I think I found one for a cheap price 2008, bed knife and reel sharpened, with what looks to me decent making life left, with groomer and grass catcher.

I know that I'll be around a max HoC of 1". But I can't seem to find an exact statement from John Deere specifying an exact max HoC only a minimum. Does anyone have a 220c that could tell me which HoC I could get to?

https://s3-us-west-2.amazonaws.com/www.mrcdn.com/pdf/john-deere/john-deere-greens-180c-users-manual-466095.pdf

This is the only document that I can find that gives a max HoC but that's on the 260c with a 3" roller that would cut to 1.375". Would that be an option for the 220c?

Other question are, do I simply do the paper test to find out if i need to backlap? What is the best way to know if I need to sharpen the reel/bedknife?

Any suggestions on where to get a HoC gauge?


----------



## Redtenchu (Jan 28, 2017)

My 220b hits 1.1305 max, but still has space on the bracket for adjustment.

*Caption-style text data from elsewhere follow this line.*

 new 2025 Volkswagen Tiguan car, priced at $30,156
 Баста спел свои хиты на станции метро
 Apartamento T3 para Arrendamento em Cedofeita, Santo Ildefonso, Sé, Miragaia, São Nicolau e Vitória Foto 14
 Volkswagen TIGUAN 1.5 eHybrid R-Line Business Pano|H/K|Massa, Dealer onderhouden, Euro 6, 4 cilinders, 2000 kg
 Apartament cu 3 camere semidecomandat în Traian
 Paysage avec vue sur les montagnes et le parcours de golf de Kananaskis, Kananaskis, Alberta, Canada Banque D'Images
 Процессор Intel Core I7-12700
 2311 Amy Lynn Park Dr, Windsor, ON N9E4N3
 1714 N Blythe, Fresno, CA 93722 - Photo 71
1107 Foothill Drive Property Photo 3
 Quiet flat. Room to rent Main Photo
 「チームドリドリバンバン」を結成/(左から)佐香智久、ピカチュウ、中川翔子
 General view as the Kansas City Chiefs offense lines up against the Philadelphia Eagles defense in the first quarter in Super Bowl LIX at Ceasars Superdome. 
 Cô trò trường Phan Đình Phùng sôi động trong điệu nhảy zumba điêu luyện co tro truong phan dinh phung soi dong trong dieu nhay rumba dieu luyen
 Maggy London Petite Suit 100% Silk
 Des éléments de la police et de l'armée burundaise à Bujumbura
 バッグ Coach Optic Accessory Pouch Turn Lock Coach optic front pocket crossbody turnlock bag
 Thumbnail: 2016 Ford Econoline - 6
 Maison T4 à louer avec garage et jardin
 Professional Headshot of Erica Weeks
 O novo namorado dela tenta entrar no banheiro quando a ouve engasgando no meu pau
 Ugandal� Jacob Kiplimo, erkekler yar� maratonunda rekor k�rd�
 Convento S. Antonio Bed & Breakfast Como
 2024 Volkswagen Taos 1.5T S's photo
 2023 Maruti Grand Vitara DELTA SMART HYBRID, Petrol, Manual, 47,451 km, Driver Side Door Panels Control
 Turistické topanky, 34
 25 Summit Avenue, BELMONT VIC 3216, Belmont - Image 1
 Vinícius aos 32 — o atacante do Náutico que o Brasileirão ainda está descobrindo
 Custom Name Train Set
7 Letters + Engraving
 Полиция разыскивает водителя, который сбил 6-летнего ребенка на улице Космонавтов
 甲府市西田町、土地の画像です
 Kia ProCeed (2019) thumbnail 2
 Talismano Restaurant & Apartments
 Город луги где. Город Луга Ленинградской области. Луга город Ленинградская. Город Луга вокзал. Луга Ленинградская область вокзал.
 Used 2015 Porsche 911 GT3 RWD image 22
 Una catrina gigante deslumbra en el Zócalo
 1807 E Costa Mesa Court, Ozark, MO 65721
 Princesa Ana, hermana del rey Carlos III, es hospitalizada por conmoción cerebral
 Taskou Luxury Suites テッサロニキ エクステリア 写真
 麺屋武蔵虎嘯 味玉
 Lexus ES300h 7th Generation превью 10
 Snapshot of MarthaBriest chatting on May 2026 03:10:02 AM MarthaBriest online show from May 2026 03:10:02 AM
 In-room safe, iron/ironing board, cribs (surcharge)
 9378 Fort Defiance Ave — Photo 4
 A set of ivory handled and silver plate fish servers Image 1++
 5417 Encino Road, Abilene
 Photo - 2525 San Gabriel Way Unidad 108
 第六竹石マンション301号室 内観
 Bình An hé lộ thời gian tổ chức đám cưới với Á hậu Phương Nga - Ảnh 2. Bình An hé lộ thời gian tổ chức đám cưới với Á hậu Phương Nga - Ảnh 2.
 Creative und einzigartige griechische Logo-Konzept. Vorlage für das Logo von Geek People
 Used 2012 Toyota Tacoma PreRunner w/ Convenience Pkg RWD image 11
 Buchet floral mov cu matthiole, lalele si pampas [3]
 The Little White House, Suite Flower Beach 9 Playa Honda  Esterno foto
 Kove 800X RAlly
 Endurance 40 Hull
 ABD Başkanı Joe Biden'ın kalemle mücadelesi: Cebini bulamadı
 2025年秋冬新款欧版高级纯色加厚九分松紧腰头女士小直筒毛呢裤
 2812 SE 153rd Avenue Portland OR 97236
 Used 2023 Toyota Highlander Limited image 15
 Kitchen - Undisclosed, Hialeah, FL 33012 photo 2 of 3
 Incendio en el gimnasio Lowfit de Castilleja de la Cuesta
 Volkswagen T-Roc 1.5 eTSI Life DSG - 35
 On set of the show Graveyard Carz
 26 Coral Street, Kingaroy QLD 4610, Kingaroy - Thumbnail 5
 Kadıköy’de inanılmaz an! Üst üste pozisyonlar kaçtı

Yes, do the paper cut test to check for sharpness.


----------



## Redtenchu (Jan 28, 2017)

HOC gages, You can buy or make one.


----------



## kur1j (Jul 2, 2017)

Redtenchu said:


> My 220b hits 1.1305 max, but still has space on the bracket for adjustment.
> 
> 
> 
> ...


Damn nice! So I should be able to get about 1.25" out of it it looks like? Thanks for the links to the HoC bar.


----------